« L’ignominie a assez duré »

« L’ignominie a assez duré »

C’est en ces termes que Martine Vassal, présidente du Conseil départemental et de la Métropole Aix-Marseille-Provence, a exprimé son courroux suite à la dégradation de l’Arc de Triomphe de la Porte d’Aix le 10 mars dernier, en marge de la manifestation des Gilets jaunes. Ajoutant dans son communiqué de presse : « Je ne peux pas accepter que ce monument qui porte notre histoire soit abandonné dans cet état déplorable. » Les mots ont un sens, que nos élus ne peuvent ignorer. Et l’on est en droit de se demander pourquoi ces mêmes mots — « ignominie », « abandonné », « état déplorable » — n’ont jamais été prononcés par la protégée de Jean-Claude Gaudin, à qui elle espère succéder à la Mairie de Marseille l’an prochain, depuis près de six mois que dure la crise du logement dans la cité phocéenne suite au drame de la rue d’Aubagne.

Un numéro de Ventilo entier ne suffirait pourtant pas à répertorier toutes les situations ubuesques, les imbroglios et autres procédés invraisemblables auxquels ont dû et doivent encore faire face les quelque 2 600 Marseillais.e.s délogé.e.s depuis novembre — une estimation approximative, la Ville ayant cessé de donner les chiffres officiels depuis plusieurs mois.

La même Ville qui n’a rien trouvé d’autre que d’affecter certains de ses employés (ainsi que ceux de la Métropole), incompétents en la matière même si volontaires pour changer de service, afin de gérer la crise… Et ce, sans jamais déclencher de PCS (Plan Communal de Secours), mais en inventant un PCC (un sigle que même Arlette Fructus, ajointe du maire à la politique de rénovation urbaine, s’est montrée incapable d’expliquer) pour assurer l’hébergement d’urgence.

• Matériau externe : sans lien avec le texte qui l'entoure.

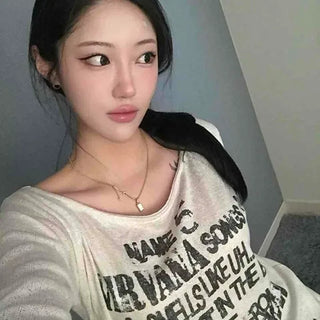 Loose Fit Lettering Long Sleeve Hoodie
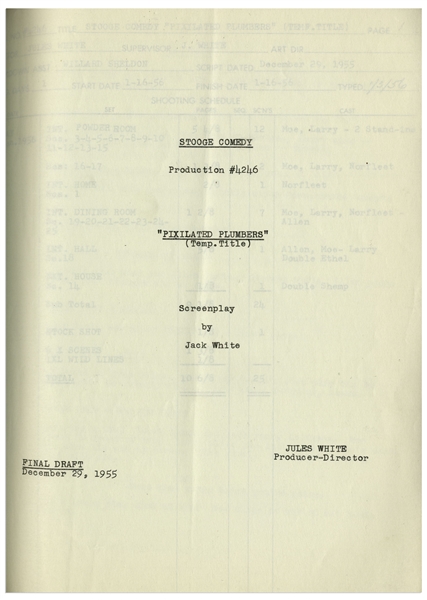 Moe Howard's 11pp. Script Dated December 1955 for The Three Stooges Film ''Scheming Schemers'' -- With Additional 9pp. of Shooting Schedule, Script Revisions & Shot List -- Very Good Condition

À savoir des hôtels, où vivent encore une grande partie des délogé.e.s (en majorité des personnes seules, donc a priori faciles à reloger), laissé.e.s à l’abandon et dans l’incertitude la plus totale quant à leur avenir immédiat, les gérants des hôtels concernés devant parfois libérer les chambres pour les touristes et autres congressistes de passage. Une situation que l’on imagine se détériorer encore à l’approche de l’été…

Sans compter les familles logées dans des hôtels différents, les personnes éloignées de leur lieu de travail et/ou de l’école de leurs enfants, et toutes les conséquences terribles de cette situation : décrochage scolaire, pertes d’emploi, maladies, tentatives de suicide… Le malheur n’en finit plus de s’abattre sur nos concitoyen.ne.s, pour la plupart déjà précaires, à qui l’on offre pour seul horizon un abri temporaire et incertain, de la bouffe industrialisée (pour ceux qui peuvent aller régulièrement à la Cité des Associations avaler les repas de la Sodexo) et 50 euros par mois de la part du C.C.A.S.

Quant aux relogé.e.s, leur quotidien n’est souvent pas plus rose… Baladé.e.s de service en service pour connaître et/ou faire valoir leurs droits, réintégré.e.s dans des immeubles insalubres, voire dangereux, qui ont été parfois squatés ou pillés en leur absence, confronté.e.s au mutisme des institutions, soumis.es à des propositions de relogement inadapté…

La place nous manque, tout comme les mots, pour qualifier cette crise du logement, devenue une vraie crise humanitaire. Mais on n’oublie pas, on n’oubliera pas. Et nul doute que le 31 mars, alors que sera célébré un nouveau Dimanche de la Canebière, le cœur ne sera pas forcément à la fête mais plus aux revendications légitimes des Marseillais à vivre dignement, lors d’une manifestation initiée par le formidable Collectif du 5 novembre. Car l’ignominie a assez duré.